Naturkörper Böden – viel mehr als bloße Fläche
Böden sind wesentlich mehr als zweidimensionale Flächen. Böden sind dreidimensionale Naturkörper. In ihnen wirken Atmosphäre, Lithosphäre, Hydrosphäre und Biosphäre zusammen. Die hiesigen Böden blicken oft auf über Zehntausend Jahre Entstehungsgeschichte zurück. Die Bodenregeneration und neue Bodenbildung ist gemessen am menschlichen Zeitverständnis enorm langsam. Deshalb gelten fruchtbare Böden als lebenswichtige, begrenzte, nicht vermehrbare und damit sehr kostbare Ressource.
Böden sind multifunktionell. Sie bilden nicht bloß die Standorte für Pflanzenwachstum. Böden reinigen und speichern Wassern und puffern so Hochwässer ab. Im Bodenhumus ist mehr Kohlenstoff gespeichert als in allen Wäldern der Welt zusammen. Damit spielen Böden in Hinblick auf den Klimawandel eine extrem wichtige Rolle. Böden wimmeln vor kleinsten Bodenlebewesen, welche pflanzliche Reste oder auch Schadstoffe umbauen. Über die Welt der Bodenmikroorgansimen ist noch verhältnismäßig wenig wissenschaftlich bekannt. Böden bieten zudem Lebensräume für zahlreiche Tiere und Pflanzen.

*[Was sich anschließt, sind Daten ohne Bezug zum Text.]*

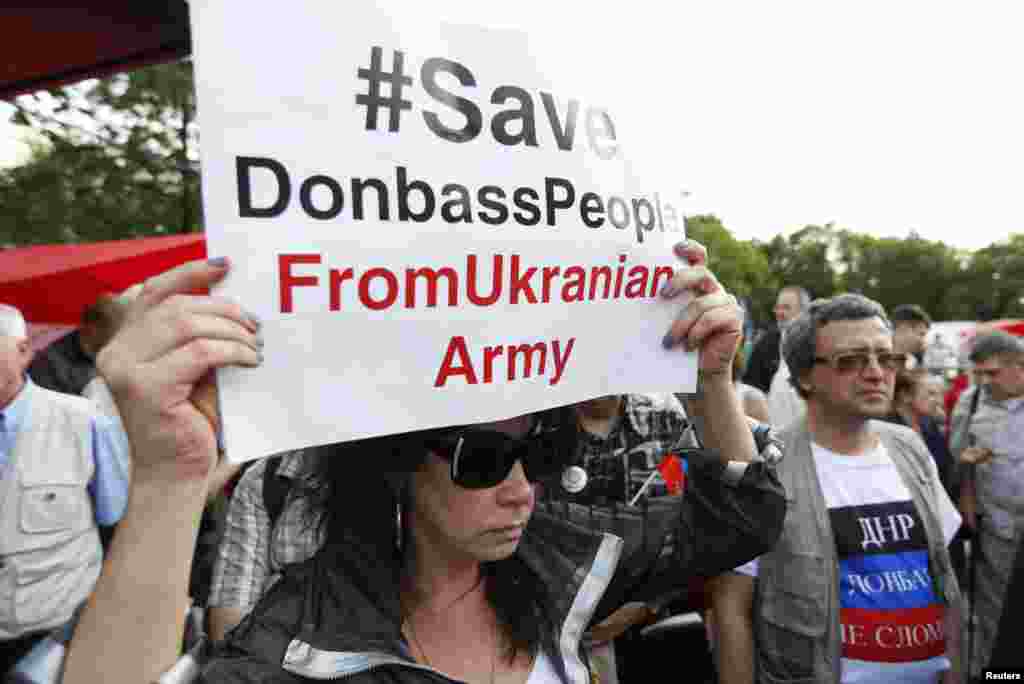 A woman holds a sign a protest against the crisis in eastern Ukraine orgainsed by the Russian communist party in Moscow ,July 3, 2014.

Böden sind hochkomplex – und damit auch empfindlich gegenüber schädliche Bodenveränderungen. Schleichende Wind- oder Wassererosion durch unzureichende Bodenschutzmaßnahmen, Bodenverdichtung durch Befahren mit zu schweren Landmaschinen oder Bodenkontaminationen durch Schadstoffeinträge gefährden die Multifunktionalität der Böden langfristig.
Eine besondere Problematik bei der Flächennutzung stellen Altlastenstandorte dar. Es gibt mehrere Hundertausende altlastenverdächtige Flächen. Allein schon die Abschätzung ihres jeweiligen Gefährdungspotentiales für Umwelt und menschliche Gesundheit ist häufig sehr kompliziert. Altlastensanierungen sind zudem oft extrem kostenintensiv, zumal sich die industriellen und gewerblichen Vornutzer regelmäßig aus jeder Verantwortung gestohlen haben. Bei den Altlasten zeigt sich exemplarisch, wie sehr eine umweltschädliche Nutzung der Böden auf viele Jahrzehnte hin Problem nach sich zieht und bis hin zur vollständigen Unnutzbarkeit der Böden führen kann.
Kirche als Landbesitzerin
Die evangelischen Landeskirchen sowie die katholischen Bistümer gehören mit zu den größten Landbesitzern in Deutschland. Daraus ergibt sich eine besondere Verantwortung zur ökologisch verträglichen Bodennutzung sowie sozial gerechten Verpachtungspraxis. Zudem könnten die Kirchen intensive gesellschaftspolitische Dialoge über eine nachhaltige Bodenschutz- und Flächenhaushaltspolitik führen.